▶ What you need to do:
Where an entry holds an image, leave the image out; otherwise reproduce the entry exactly.
▶
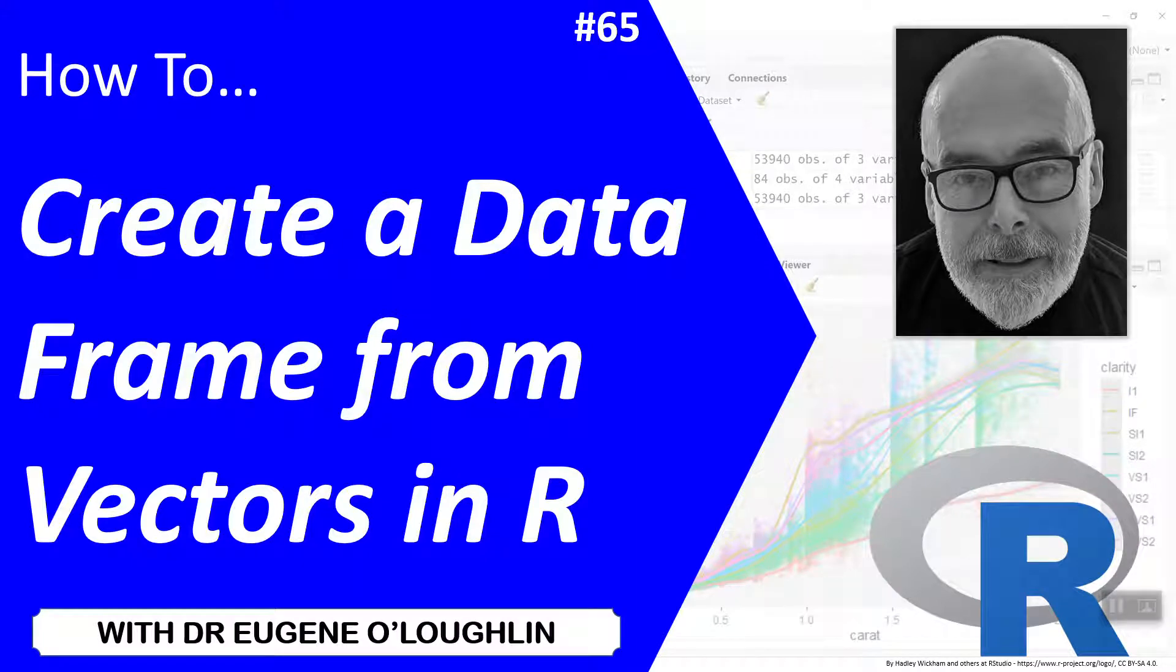Hi everybody, this is Eugene O'Loughlin and welcome to my series of short how-to videos. In this video we're going to learn how to create a data frame from vectors in R.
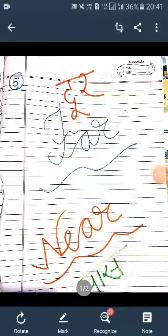Okay students, now the chapter is going to end here. It's the last topic. Last topic is far and near. Far means hota hai dur, near means hota hai paas.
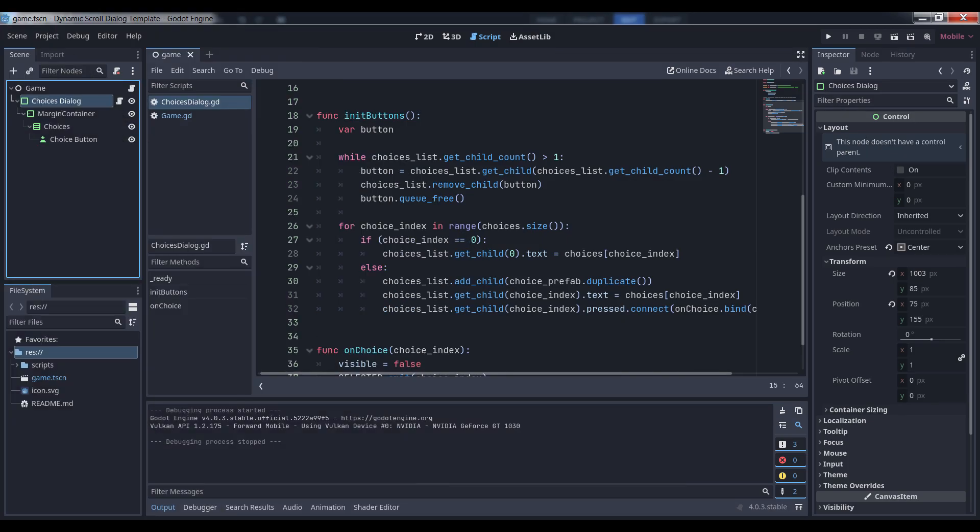Now, let's look at initButtons. This function needs to do two things. First, it needs to remove all the existing buttons from the list except for the first one, then loop through all the items in our choices array and create new buttons for every entry beyond the first. We could assign a predefined button scene to the dialog, remove all the buttons, and rebuild the list each time, but this is slightly simpler from an implementation perspective. Feel free to do it the other way if you prefer and know how.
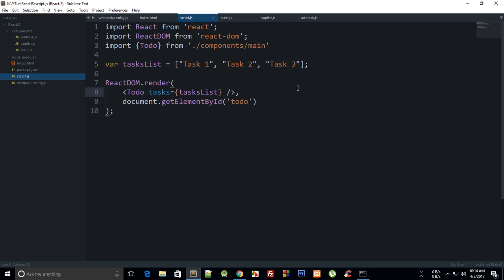What is going on everybody? My name is Mehul and welcome to your 13th ReactJS tutorial. In this tutorial what we are going to do is obviously continue with our app. Right now what we are seeing is that there is a sort of an external array in our program which is taskList.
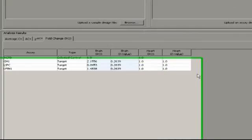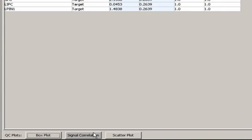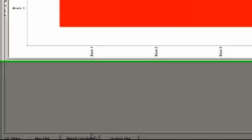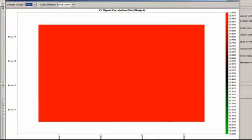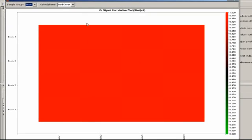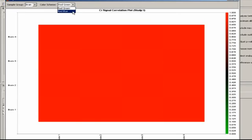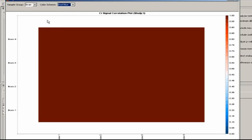The signal correlation plot, which only shows data when biological replicates are present in the study, uses either a red-green or a red-blue color scheme to indicate the correlation in CT among the various samples in a sample group.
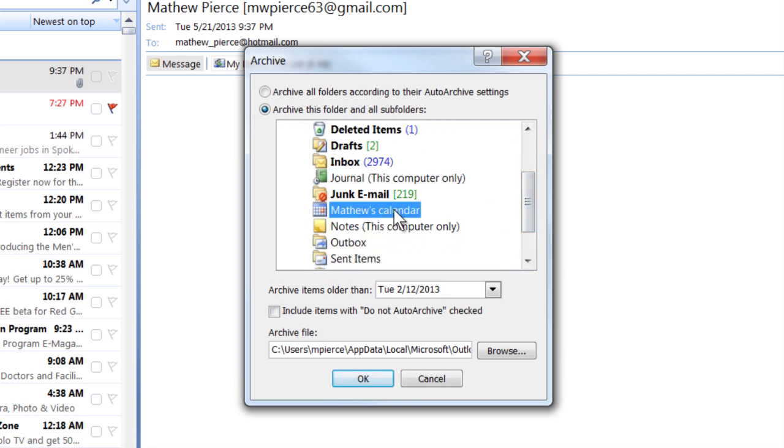That's my calendar right there. And this is going to put it, you can see right here, this is going to be where it puts your archived.pst file.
◀
▶ Result of this task:
Hi everybody, this is Eugene O'Loughlin and welcome to my series of short how-to videos. In this video we're going to learn how to create a data frame from vectors in R.
Okay students, now the chapter is going to end here. It's the last topic. Last topic is far and near. Far means hota hai dur, near means hota hai paas.
Now, let's look at initButtons. This function needs to do two things. First, it needs to remove all the existing buttons from the list except for the first one, then loop through all the items in our choices array and create new buttons for every entry beyond the first. We could assign a predefined button scene to the dialog, remove all the buttons, and rebuild the list each time, but this is slightly simpler from an implementation perspective. Feel free to do it the other way if you prefer and know how.
What is going on everybody? My name is Mehul and welcome to your 13th ReactJS tutorial. In this tutorial what we are going to do is obviously continue with our app. Right now what we are seeing is that there is a sort of an external array in our program which is taskList.
The signal correlation plot, which only shows data when biological replicates are present in the study, uses either a red-green or a red-blue color scheme to indicate the correlation in CT among the various samples in a sample group.
That's my calendar right there. And this is going to put it, you can see right here, this is going to be where it puts your archived.pst file.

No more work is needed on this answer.